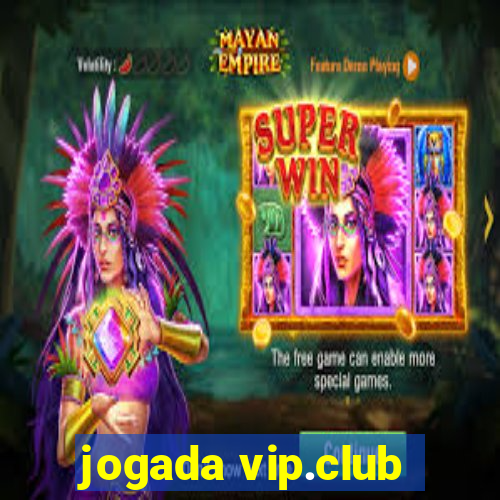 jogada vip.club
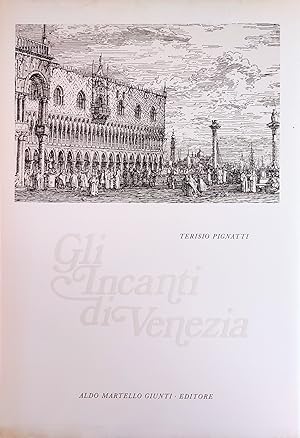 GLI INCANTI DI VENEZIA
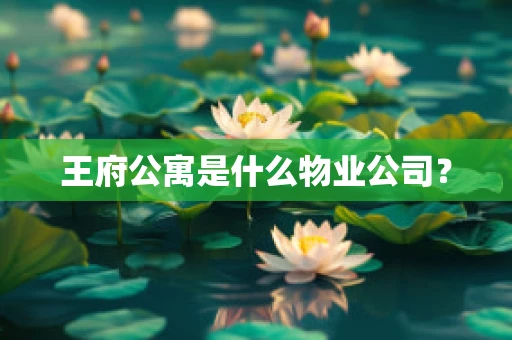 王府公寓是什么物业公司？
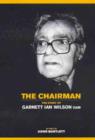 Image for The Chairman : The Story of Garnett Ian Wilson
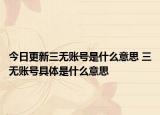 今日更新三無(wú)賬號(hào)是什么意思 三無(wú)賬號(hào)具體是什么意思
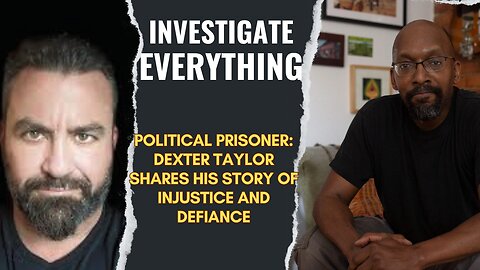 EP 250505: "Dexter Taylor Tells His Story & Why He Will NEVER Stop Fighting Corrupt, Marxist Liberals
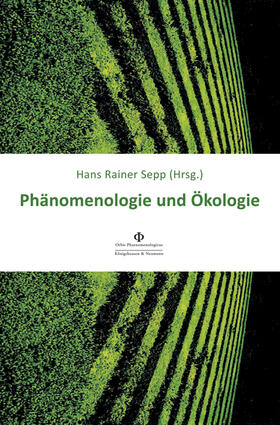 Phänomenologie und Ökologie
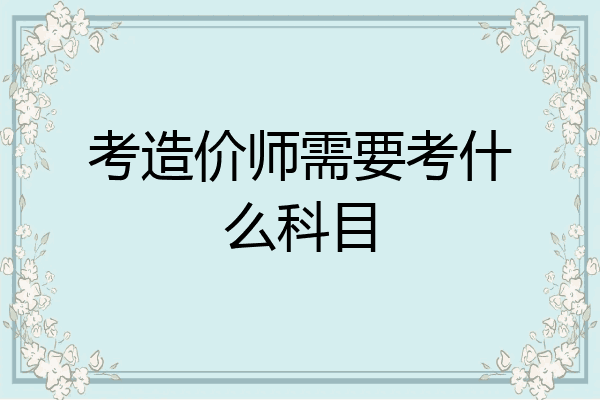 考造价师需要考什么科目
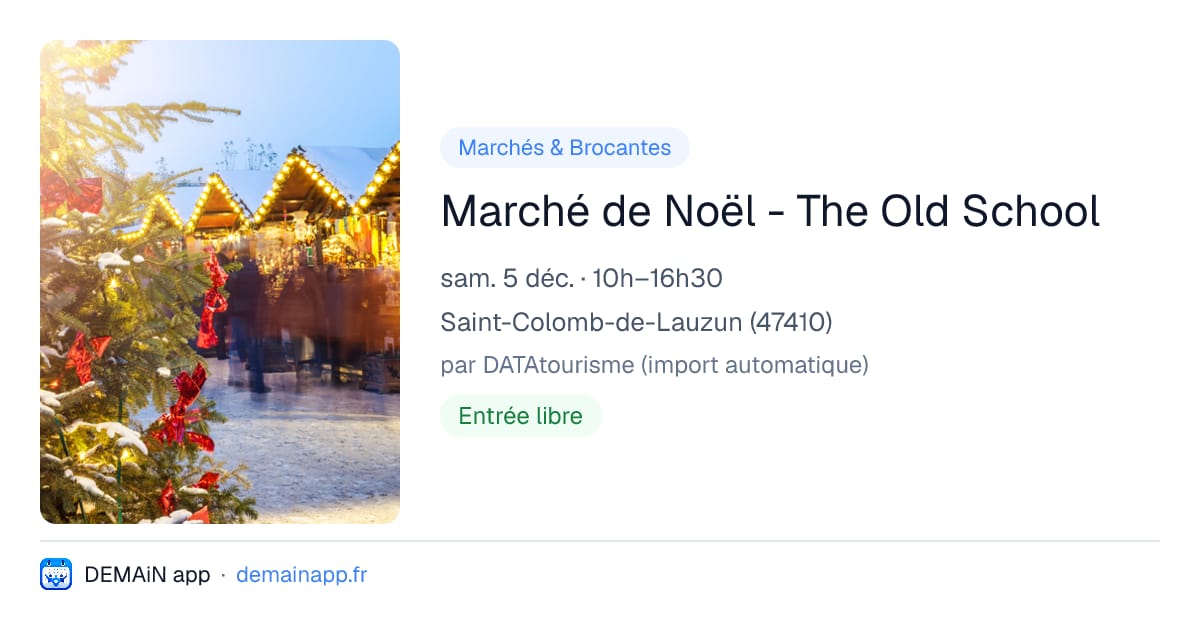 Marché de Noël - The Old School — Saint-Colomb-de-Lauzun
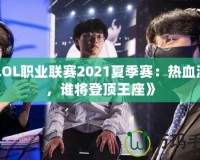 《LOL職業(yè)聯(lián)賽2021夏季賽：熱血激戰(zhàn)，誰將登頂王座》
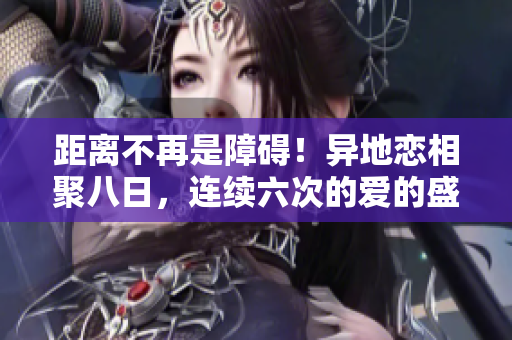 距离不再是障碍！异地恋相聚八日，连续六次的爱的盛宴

•••••

Print each record exactly as it stands, omitting the pictures.

 jogada vip.club
 GLI INCANTI DI VENEZIA
 王府公寓是什么物业公司？
 Image for The Chairman : The Story of Garnett Ian Wilson
 今日更新三無(wú)賬號(hào)是什么意思 三無(wú)賬號(hào)具體是什么意思
 EP 250505: "Dexter Taylor Tells His Story & Why He Will NEVER Stop Fighting Corrupt, Marxist Liberals
 Phänomenologie und Ökologie
 考造价师需要考什么科目
 Marché de Noël - The Old School — Saint-Colomb-de-Lauzun
 《LOL職業(yè)聯(lián)賽2021夏季賽：熱血激戰(zhàn)，誰將登頂王座》
 距离不再是障碍！异地恋相聚八日，连续六次的爱的盛宴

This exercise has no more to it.